DESCRIPTION OF THE TASK: Retype the entries below without any change.

MATERIAL FOR THE TASK:
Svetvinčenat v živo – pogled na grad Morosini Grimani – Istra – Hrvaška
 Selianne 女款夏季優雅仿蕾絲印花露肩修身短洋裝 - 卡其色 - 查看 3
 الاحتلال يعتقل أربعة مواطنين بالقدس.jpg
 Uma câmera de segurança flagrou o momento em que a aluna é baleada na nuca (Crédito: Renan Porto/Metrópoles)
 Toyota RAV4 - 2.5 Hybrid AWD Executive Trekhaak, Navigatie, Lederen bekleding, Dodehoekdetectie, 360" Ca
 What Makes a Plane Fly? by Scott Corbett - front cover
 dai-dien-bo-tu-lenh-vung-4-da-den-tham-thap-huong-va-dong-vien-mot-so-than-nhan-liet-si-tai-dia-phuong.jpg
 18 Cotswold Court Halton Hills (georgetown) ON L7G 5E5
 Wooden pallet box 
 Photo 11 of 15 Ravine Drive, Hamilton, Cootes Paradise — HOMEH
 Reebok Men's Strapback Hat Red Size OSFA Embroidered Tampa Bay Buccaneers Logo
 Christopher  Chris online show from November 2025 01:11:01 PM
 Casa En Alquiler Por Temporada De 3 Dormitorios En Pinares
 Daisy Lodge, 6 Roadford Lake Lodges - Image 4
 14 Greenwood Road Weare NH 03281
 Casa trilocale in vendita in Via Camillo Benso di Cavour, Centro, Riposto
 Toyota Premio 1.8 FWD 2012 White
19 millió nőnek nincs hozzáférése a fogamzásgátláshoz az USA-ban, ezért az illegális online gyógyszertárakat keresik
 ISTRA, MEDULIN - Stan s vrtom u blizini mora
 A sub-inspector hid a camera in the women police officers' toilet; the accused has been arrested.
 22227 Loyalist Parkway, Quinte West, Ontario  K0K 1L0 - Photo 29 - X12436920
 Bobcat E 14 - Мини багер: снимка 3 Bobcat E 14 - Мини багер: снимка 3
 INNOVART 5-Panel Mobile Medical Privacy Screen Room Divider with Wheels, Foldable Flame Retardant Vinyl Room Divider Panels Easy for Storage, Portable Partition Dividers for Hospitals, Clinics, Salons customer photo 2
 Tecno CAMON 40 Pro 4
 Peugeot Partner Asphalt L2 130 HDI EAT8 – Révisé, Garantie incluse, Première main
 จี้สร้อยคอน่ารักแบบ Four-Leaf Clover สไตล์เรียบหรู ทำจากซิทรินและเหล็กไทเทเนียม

FINISHED EXERCISE:
Svetvinčenat v živo – pogled na grad Morosini Grimani – Istra – Hrvaška
 Selianne 女款夏季優雅仿蕾絲印花露肩修身短洋裝 - 卡其色 - 查看 3
 الاحتلال يعتقل أربعة مواطنين بالقدس.jpg
 Uma câmera de segurança flagrou o momento em que a aluna é baleada na nuca (Crédito: Renan Porto/Metrópoles)
 Toyota RAV4 - 2.5 Hybrid AWD Executive Trekhaak, Navigatie, Lederen bekleding, Dodehoekdetectie, 360" Ca
 What Makes a Plane Fly? by Scott Corbett - front cover
 dai-dien-bo-tu-lenh-vung-4-da-den-tham-thap-huong-va-dong-vien-mot-so-than-nhan-liet-si-tai-dia-phuong.jpg
 18 Cotswold Court Halton Hills (georgetown) ON L7G 5E5
 Wooden pallet box 
 Photo 11 of 15 Ravine Drive, Hamilton, Cootes Paradise — HOMEH
 Reebok Men's Strapback Hat Red Size OSFA Embroidered Tampa Bay Buccaneers Logo
 Christopher  Chris online show from November 2025 01:11:01 PM
 Casa En Alquiler Por Temporada De 3 Dormitorios En Pinares
 Daisy Lodge, 6 Roadford Lake Lodges - Image 4
 14 Greenwood Road Weare NH 03281
 Casa trilocale in vendita in Via Camillo Benso di Cavour, Centro, Riposto
 Toyota Premio 1.8 FWD 2012 White
19 millió nőnek nincs hozzáférése a fogamzásgátláshoz az USA-ban, ezért az illegális online gyógyszertárakat keresik
 ISTRA, MEDULIN - Stan s vrtom u blizini mora
 A sub-inspector hid a camera in the women police officers' toilet; the accused has been arrested.
 22227 Loyalist Parkway, Quinte West, Ontario  K0K 1L0 - Photo 29 - X12436920
 Bobcat E 14 - Мини багер: снимка 3 Bobcat E 14 - Мини багер: снимка 3
 INNOVART 5-Panel Mobile Medical Privacy Screen Room Divider with Wheels, Foldable Flame Retardant Vinyl Room Divider Panels Easy for Storage, Portable Partition Dividers for Hospitals, Clinics, Salons customer photo 2
 Tecno CAMON 40 Pro 4
 Peugeot Partner Asphalt L2 130 HDI EAT8 – Révisé, Garantie incluse, Première main
 จี้สร้อยคอน่ารักแบบ Four-Leaf Clover สไตล์เรียบหรู ทำจากซิทรินและเหล็กไทเทเนียม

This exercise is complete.